The Charm School – Nelson DeMille
I had never heard of this 1988 book before. I was pleasantly surprised that despite its age, it held up pretty well. In fact, its age was one of the best things about it.

The book is split into two halves. In the first, an American student traveling through the Soviet Union in the late ‘80s stumbles upon a secret that could take the Cold War to a new, more intense level: a secret camp holds hundreds of American POWs from the Vietnam war, and they are being forced to teach Russians how to “act American” before deployment to the US. Think The Americans. The student reports his findings to the US embassy, where two staff members struggle to verify his information and protect him from the KGB. The staffers – he am Air Force agent, she a PR liaison – also strike up a romance during all this.

In the second half, those two staffers end up in the camp and see that the report is, in fact, completely true. They are forced to fight for their lives while following some very disappointing orders from above about how to deal with the POWs.
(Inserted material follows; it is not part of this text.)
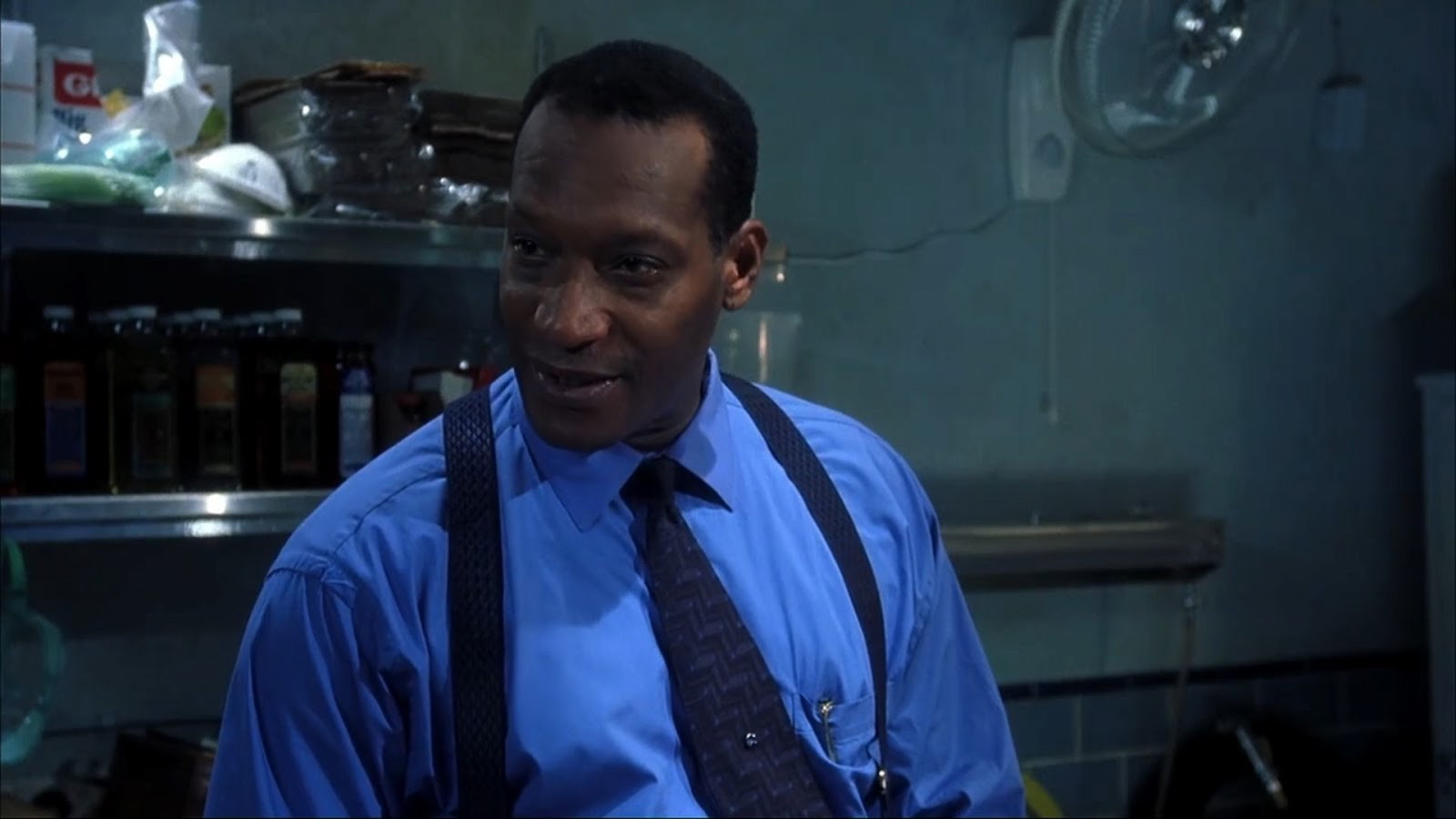 Final Destination: Bloodlines: First Look At Tony Todd In New Trailer Final Destination: Bloodlines: First Look At Tony Todd In New Trailer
I was surprised at the depth of DeMille’s story. This wasn’t the standard “US is good, USSR is bad” spy novel. His most patriotic Americans were able to see good in the Soviet people and questioned areas where the US/capitalism fall short. They made an effort to understand why the other side behaved the way they did. He shows little moments of levity between CIA and KGB agents despite their bitter conflict. As I read I realized that our society had more room for nuance and understanding of others in the Eighties than it does now.

I also loved DeMille’s dialogue. It was a snappy throwback to the movies of an earlier era. It took a few chapters to get into it, but once I did it was terrific.

It was also a throwback in that it checked in at 800 pages. Seems like most thrillers these days are in the 300–500 page range, which I tend to prefer. DeMille’s story and writing were good enough that I didn’t mind having to spend a little extra time with it.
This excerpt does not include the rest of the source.